Learn the basics of airline perks
Airlines have tons of benefits and perks, but you need to learn how to use them to your advantage. I learned how to take advantage of airline credit cards in a fiscally responsible way to earn a ton of miles on purchases I was already making. Read the websites of reputable airline experts to learn the basics. When I did that, I started earning free flights (helping out greatly with the whole saving-money thing), and got other perks, such as passes to lounges around the world.
Have the right gear
What makes a trip more costly and complicated? When you don’t have the right stuff, and you need to make expensive purchases right before your trip. When I started traveling more, I slowly built up an arsenal of vital high-quality travel gear. This includes a quality backpacking backpack, portable charger, my 32oz Wide Mouth Sustain Nalgene bottle, and excellent walking shoes. Now, whenever I plan a trip, I just need to pack and I’m ready to go.
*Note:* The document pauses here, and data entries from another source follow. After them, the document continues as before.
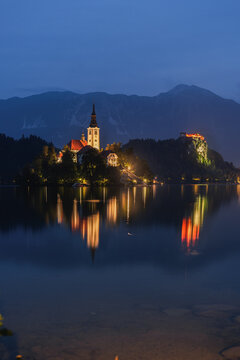 View of the illuminated Bled Island with its church and the distant Bled Castle reflecting on the calm waters of Lake Bled, Slovenia.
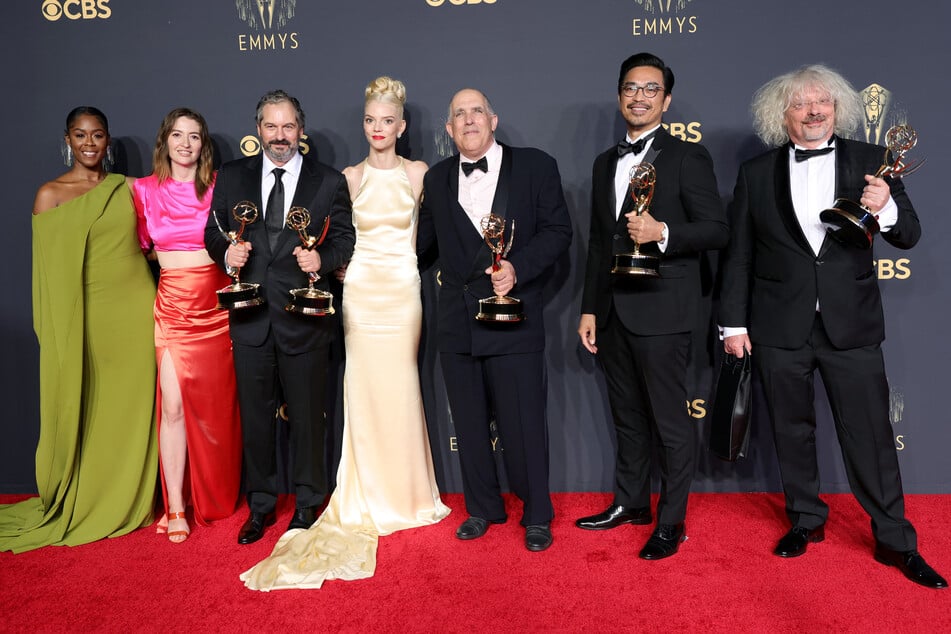 The Queen's Gambit took home the Outstanding Limited Or Anthology Series award during the 73rd Primetime Emmy Awards last year. (From l to r) Moses Ingram, Marielle Heller, Scott Frank, Anya Taylor-Joy, William Horberg, Mick Aniceto, and Marcus Loges posed with the award on the red carpet.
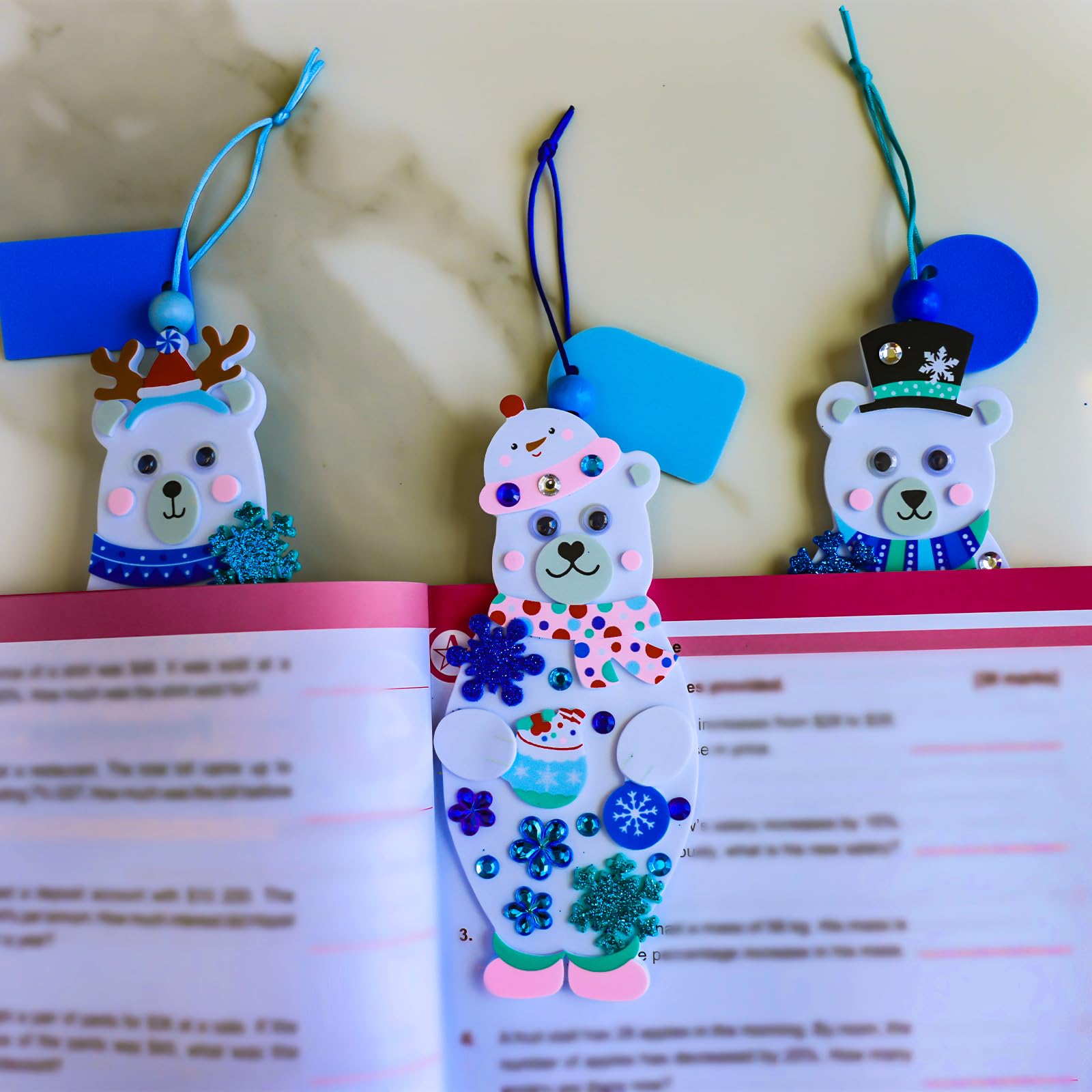 Winlyn polar bear bookmark kit shows kids applying colorful holiday stickers for creative projects.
Becoming a digital nomad for me was never necessarily my end goal, and it was not always my dream. What I dreamed of was a life where I had uninhibited freedom, where I was able to spend more time outside and on adventures, and I had the means to support myself. This ultimately translated into life as a digital nomad.
Before I started living this lifestyle, I always wondered what happened “after” someone took time off to travel, or what they did next. I now see that for myself, there is no “after,” because I am still “here.” Maybe there will one day be a moment when I hang up my trusty backpack for good, and return to life as a Weekend Warrior. But that day is certainly not today.